04-26-2024, 03:21 AM
(04-26-2024, 02:19 AM)TerryRitchie Wrote: 20.75 addstrings
0.007 midstrings
Holy cow. Can anything be done to improve QB64's string manipulation?
The second method is definitely thinking outside the box like you said, but well worth utilizing for large string concatenation.
If so, I wouldn't know how -- it'd have to be some sort of change by someone much more knowledgeable about the inner workings of C and its memory than what I have.
To explain the difference in the speed here, let me go through what both of these processes are actually doing for us.
First, let's go with adding strings together. c$ = c$ + a$
1) Fiirst we have to check the length of both strings. len(c$), len (a$)
2) Add those lengths together and make certain we have that much memory availble for use. Create a temp mem-block of the proper size.
3) Add those two strings to that temp mem-block, in order. (Put c$ in that block, then put a$ there.)
4) Free the old c$ from memory.
5) Point c$ to that temp mem-block, so it now contains the full data of both strings put together.

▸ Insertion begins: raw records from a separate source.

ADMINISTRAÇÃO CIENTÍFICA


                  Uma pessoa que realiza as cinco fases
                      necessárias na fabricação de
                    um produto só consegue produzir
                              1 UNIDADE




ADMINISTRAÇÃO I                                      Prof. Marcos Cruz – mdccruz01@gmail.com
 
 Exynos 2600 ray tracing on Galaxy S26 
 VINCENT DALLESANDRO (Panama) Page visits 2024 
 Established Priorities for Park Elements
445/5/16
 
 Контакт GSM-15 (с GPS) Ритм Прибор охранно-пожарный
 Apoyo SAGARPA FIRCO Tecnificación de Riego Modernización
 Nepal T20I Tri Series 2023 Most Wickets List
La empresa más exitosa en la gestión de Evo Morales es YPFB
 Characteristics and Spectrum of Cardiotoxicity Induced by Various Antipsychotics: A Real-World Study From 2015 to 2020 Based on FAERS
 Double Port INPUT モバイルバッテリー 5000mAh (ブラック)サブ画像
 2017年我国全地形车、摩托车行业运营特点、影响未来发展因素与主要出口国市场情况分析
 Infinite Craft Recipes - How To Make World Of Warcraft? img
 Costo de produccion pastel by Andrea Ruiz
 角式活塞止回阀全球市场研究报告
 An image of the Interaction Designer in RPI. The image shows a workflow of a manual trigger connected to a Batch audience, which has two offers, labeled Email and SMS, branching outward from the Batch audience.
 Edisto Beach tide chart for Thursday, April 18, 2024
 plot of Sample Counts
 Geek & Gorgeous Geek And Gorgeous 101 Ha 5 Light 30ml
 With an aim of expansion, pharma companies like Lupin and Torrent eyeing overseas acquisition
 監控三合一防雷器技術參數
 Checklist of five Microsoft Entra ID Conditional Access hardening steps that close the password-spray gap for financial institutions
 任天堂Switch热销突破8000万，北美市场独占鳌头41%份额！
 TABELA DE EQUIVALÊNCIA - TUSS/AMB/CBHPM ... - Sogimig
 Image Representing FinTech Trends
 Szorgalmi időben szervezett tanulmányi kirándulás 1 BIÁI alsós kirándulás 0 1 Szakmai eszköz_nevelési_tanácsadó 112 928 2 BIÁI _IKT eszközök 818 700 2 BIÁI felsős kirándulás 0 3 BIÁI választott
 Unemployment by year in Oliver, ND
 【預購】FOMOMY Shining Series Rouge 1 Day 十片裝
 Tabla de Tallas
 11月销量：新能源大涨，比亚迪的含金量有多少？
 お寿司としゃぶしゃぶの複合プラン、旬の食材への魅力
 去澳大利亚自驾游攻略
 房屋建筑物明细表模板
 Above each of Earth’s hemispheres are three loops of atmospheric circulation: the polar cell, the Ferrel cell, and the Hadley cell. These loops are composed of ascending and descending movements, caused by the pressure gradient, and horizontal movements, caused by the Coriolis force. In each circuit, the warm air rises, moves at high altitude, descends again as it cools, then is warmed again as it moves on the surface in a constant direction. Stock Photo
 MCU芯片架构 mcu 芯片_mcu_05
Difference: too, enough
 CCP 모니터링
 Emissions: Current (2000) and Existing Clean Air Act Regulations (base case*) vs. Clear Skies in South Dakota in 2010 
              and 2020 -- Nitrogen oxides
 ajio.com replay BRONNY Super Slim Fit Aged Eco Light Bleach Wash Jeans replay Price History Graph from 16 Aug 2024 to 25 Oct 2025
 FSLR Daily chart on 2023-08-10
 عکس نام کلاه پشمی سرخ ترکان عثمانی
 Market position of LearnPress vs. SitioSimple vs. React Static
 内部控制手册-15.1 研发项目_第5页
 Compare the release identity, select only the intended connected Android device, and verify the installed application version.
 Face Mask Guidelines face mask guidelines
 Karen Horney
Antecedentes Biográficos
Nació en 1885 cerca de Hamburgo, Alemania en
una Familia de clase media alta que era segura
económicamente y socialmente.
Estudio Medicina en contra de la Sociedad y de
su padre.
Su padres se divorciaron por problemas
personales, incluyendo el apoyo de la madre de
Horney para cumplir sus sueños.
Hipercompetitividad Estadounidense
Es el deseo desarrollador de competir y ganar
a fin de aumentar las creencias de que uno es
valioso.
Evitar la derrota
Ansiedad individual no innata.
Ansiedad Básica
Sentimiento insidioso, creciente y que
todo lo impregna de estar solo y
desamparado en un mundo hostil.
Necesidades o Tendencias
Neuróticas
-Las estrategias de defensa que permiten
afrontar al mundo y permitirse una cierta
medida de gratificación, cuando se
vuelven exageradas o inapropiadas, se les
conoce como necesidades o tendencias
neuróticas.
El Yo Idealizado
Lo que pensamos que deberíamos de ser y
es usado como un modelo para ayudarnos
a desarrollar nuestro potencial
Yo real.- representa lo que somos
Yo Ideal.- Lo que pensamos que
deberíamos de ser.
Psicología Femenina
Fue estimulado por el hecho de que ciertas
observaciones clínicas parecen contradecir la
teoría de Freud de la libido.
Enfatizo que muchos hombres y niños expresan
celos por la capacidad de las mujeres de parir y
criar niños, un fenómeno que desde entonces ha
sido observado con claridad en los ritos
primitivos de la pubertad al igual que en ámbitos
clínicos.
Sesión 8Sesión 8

Make a block of memory. Merge the strings to that block. Free a block of memory. Point the old block to the new block... <-- That's the basic process in a nutshell.
And let's compare it to the mid$ method:
1) Fiirst we have to check the length of both strings. len(c$), len (a$)
2) Add those lengths together and make certain we have that much memory availble for use. Create a temp mem-block of the proper size.
3) Add those two strings to that temp mem-block, in order. (Put c$ in that block, then put a$ there.)
Make a block large enough. Put the data in that block. Done. <--- And that's all we do with mid$.
Now, where we REALLY see a difference in speed is when we repeat this process over and over in a loop.
Adding a string repetitively means freeing that old block over and over, and creating a new block over and over, and then pointing the old block to the new block.
On the other hand, if we pre-allocate all the memory for that new string at once, we skip that free/redirect over and over -- and the larger the memory block that we're allocating, freeing, and such, the longer it takes for the OS to make that manipulation.
See why mid$ ends up being faster for us, no matter which OS/compiler options we end up setting? It basically skips the most intensive part of the process -- the repeated allocating/freeing that comes from making certain we have enough memory to add those two strings together and assign them to one.